Note that we specified an empty second profile in the curly braces, as we wanted to use the current session; alternatively, we could have specified another archive, or a tgid etc. We specified the binary a in the shared section, so we matched that in both the profiles we're diffing.

As in the normal output, the results are sorted by the number of samples, and the percentage field represents the relative percentage of the symbol's samples in the second profile.

Notice the new column in the output. This value represents the percentage change of the relative percent between the first and the second profile: roughly, "how much more important this symbol is". Looking at the symbol a(), we can see that it took roughly the same amount of the total profile in both the first and the second profile. The function c() was not in the new profile, so has been marked with ---. Note that the sample value is the number of samples in the first profile; since we're displaying results for the second profile, we don't list a percentage value for it, as it would be meaningless. d() is new in the second profile, and consequently marked with +++.

When comparing profiles between different binaries, it should be clear that functions can change in terms of VMA and size. To avoid this problem, opreport considers a symbol to be the same if the symbol name, image name, and owning application name all match; any other factors are ignored. Note that the check for application name means that trying to compare library profiles between two different applications will not work as you might expect: each symbol will be considered different.

Many applications, typically ones involving dynamic compilation into machine code (just-in-time, or "JIT", compilation), have executable mappings that are not backed by an ELF file. opreport has basic support for showing the samples taken in these regions; for example:

$ opreport /usr/bin/mono -l
CPU: ppc64 POWER5, speed 1654.34 MHz (estimated)
Counted CYCLES events (Processor Cycles using continuous sampling) with a unit mask of 0x00 (No unit mask) count 100000
samples  %        image name    		                symbol name
47       58.7500  mono                     			(no symbols)
14       17.5000  anon (tgid:3189 range:0xf72aa000-0xf72fa000)  (no symbols)
9        11.2500  anon (tgid:3189 range:0xf6cca000-0xf6dd9000)  (no symbols)
.	 .	  .						.

Note that, since such mappings are dependent upon individual invocations of a binary, these mappings are always listed as a dependent image, even when using the legacy mode opcontrol --separate=none command. Equally, the results are not affected by the --merge option.

As shown in the opreport output above, OProfile is unable to attribute the samples to any symbol(s) because there is no ELF file for this code. Enhanced support for JITed code is now available for some virtual machines; e.g., the Java Virtual Machine. For details about OProfile output for JITed code, see Section 4, “OProfile results with JIT samples”.

For more information about JIT support in OProfile, see Section 4.1, “Support for dynamically compiled (JIT) code”.

The --xml option can be used to generate XML instead of the usual text format.

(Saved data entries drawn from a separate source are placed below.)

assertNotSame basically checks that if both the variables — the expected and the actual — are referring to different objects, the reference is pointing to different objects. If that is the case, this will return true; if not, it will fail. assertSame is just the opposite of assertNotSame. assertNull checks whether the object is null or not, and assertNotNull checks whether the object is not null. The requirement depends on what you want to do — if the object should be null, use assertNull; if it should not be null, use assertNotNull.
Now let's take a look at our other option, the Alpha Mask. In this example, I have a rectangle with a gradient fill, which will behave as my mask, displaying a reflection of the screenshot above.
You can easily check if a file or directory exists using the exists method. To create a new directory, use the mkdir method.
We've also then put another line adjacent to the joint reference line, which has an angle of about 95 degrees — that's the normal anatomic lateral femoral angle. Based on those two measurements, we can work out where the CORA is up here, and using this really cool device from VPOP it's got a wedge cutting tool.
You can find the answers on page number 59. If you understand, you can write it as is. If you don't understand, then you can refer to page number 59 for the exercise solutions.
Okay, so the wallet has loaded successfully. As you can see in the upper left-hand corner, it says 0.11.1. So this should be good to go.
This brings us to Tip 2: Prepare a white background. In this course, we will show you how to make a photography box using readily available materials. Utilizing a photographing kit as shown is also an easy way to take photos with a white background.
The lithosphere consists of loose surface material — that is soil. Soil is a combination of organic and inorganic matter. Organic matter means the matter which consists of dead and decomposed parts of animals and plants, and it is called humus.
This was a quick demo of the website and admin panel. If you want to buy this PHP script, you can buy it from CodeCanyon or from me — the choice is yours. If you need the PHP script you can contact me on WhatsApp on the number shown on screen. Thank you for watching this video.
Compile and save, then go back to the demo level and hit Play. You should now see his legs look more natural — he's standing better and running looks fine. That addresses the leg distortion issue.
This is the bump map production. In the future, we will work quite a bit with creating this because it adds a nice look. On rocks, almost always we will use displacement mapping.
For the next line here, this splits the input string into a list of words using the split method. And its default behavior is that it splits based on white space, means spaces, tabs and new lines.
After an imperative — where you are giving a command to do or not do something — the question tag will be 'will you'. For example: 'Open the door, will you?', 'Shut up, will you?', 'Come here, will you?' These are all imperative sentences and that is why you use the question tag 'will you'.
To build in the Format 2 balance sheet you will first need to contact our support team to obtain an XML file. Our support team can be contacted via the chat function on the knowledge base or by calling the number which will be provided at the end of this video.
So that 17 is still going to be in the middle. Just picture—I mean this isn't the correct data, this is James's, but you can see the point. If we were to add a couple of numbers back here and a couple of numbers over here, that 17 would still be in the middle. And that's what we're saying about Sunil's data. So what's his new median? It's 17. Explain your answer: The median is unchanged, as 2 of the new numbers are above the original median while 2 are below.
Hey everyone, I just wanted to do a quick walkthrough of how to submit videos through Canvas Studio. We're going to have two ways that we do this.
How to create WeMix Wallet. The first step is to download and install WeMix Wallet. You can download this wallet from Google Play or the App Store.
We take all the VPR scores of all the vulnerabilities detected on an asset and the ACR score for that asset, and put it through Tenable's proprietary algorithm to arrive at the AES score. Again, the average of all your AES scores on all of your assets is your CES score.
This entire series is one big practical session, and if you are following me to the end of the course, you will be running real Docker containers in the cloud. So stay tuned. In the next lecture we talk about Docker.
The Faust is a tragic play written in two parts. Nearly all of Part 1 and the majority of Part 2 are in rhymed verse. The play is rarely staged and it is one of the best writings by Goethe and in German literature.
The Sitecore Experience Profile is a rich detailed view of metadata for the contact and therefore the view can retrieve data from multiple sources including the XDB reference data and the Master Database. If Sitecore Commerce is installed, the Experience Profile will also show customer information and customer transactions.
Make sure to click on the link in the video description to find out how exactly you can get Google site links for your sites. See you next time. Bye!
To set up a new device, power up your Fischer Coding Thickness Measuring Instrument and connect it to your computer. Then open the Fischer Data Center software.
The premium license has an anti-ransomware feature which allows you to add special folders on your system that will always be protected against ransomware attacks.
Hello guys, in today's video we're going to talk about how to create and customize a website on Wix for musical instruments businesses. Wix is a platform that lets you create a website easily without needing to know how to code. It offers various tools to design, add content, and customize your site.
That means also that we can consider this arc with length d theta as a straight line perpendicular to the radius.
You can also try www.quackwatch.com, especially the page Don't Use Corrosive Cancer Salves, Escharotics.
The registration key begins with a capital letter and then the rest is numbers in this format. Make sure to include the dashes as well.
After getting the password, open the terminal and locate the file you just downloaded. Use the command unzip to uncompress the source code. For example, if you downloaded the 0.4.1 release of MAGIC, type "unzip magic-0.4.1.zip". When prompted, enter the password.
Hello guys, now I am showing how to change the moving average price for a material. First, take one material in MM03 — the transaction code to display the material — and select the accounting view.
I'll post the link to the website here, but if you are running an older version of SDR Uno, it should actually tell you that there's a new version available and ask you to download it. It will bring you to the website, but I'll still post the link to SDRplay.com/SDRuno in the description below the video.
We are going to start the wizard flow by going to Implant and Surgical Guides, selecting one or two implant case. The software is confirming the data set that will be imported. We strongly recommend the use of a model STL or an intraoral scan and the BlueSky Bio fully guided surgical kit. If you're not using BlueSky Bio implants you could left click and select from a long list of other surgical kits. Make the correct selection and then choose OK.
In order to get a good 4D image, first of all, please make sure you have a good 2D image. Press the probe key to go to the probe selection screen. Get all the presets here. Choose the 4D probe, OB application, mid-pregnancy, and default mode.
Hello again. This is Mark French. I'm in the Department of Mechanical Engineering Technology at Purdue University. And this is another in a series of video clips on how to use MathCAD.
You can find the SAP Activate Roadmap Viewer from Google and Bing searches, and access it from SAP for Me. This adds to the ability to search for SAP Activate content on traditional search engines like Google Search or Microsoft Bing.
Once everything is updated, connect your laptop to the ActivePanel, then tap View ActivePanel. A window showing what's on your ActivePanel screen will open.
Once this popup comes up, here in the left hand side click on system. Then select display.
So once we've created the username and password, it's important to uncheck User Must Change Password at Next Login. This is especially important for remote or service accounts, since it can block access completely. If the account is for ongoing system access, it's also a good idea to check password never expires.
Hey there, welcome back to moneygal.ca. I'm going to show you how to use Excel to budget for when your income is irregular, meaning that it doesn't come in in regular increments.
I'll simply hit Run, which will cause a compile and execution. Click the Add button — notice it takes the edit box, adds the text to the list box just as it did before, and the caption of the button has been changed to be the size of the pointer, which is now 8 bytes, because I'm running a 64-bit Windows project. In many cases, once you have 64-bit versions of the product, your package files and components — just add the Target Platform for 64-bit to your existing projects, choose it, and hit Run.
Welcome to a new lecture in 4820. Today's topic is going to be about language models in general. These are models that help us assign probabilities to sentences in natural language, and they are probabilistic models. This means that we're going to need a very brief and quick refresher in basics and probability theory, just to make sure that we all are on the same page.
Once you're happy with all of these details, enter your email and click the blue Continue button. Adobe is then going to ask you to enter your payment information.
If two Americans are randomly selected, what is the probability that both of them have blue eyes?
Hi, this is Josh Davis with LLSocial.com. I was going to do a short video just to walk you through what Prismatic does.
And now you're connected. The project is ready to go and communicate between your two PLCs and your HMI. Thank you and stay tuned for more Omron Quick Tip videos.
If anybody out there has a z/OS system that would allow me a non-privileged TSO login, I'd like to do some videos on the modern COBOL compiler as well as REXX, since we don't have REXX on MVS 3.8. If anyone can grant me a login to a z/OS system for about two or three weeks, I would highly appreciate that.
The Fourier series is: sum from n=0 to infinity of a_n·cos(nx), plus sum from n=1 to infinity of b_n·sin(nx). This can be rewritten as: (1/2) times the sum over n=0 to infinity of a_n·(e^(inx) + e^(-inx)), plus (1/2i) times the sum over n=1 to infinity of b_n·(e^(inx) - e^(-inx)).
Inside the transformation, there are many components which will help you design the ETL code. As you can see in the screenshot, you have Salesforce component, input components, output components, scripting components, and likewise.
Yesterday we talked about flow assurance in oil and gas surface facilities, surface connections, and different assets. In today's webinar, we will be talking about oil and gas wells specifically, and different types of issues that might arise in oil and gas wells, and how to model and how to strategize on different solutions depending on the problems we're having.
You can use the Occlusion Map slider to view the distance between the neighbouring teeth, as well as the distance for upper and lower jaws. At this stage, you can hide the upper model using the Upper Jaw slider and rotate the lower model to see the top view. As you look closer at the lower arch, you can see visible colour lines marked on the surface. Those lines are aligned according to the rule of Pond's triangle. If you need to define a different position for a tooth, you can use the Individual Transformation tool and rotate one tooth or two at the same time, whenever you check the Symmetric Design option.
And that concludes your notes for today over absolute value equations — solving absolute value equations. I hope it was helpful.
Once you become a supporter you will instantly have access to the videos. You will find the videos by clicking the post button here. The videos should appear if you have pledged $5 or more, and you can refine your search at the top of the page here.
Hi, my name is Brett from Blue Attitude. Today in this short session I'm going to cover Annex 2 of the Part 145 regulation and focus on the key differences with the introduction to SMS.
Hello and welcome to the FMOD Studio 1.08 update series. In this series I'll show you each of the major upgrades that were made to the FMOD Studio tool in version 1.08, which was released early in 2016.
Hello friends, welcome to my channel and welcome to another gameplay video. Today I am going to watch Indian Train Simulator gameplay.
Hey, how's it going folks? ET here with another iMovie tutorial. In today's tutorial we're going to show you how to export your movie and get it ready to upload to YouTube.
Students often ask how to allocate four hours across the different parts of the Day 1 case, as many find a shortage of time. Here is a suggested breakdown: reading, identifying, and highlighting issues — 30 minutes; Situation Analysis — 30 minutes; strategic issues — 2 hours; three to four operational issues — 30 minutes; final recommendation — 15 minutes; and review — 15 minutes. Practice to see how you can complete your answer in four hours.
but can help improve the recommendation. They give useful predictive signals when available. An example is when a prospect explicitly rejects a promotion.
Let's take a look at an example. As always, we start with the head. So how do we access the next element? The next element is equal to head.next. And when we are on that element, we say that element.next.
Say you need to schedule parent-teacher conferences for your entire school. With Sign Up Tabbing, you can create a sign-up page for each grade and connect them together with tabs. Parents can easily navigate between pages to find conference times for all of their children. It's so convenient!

This allows opreport to eliminate some of the constraints dictated by the two dimensional text format. For example, it is possible to separate the sample data across multiple events, cpus and threads. The XML schema implemented by opreport is found in doc/opreport.xsd. It contains more detailed comments about the structure of the XML generated by opreport.

Since XML is consumed by a client program rather than a user, its structure is fairly static. In particular, the --sort option is incompatible with the --xml option. Percentages are not dislayed in the XML so the options related to percentages will have no effect. Full pathnames are always displayed in the XML so --long-filenames is not necessary. The --details option will cause all of the individual sample data to be included in the XML as well as the instruction byte stream for each symbol (for doing disassembly) and can result in very large XML files.

Of course, opannotate needs to be able to locate the source files for the binary image(s) in order to produce output. Some binary images have debug information where the given source file paths are relative, not absolute. You can specify search paths to look for these files (similar to gdb's dir command) with the --search-dirs option.

Sometimes you may have a binary image which gives absolute paths for the source files, but you have the actual sources elsewhere (commonly, you've installed an SRPM for a binary on your system and you want annotation from an existing profile). You can use the --base-dirs option to redirect OProfile to look somewhere else for source files. For example, imagine we have a binary generated from a source file that is given in the debug information as /tmp/build/libfoo/foo.c, and you have the source tree matching that binary installed in /home/user/libfoo/. You can redirect OProfile to find foo.c correctly like this :

$ opannotate --source --base-dirs=/tmp/build/libfoo/ --search-dirs=/home/user/libfoo/ --output-dir=annotated/ /lib/libfoo.so

You can specify multiple (comma-separated) paths to both options.

OProfile uses non-maskable interrupts (NMI) on the P6 generation, Pentium 4, Athlon, Opteron, Phenom, and Turion processors. These interrupts can occur even in sections of the kernel where interrupts are disabled, allowing collection of samples in virtually all executable code. The timer interrupt mode and Itanium 2 collection mechanisms use maskable interrupts; therefore, these profiling mechanisms have "sample shadows", or blind spots: regions where no samples will be collected. Typically, the samples will be attributed to the code immediately after the interrupts are re-enabled.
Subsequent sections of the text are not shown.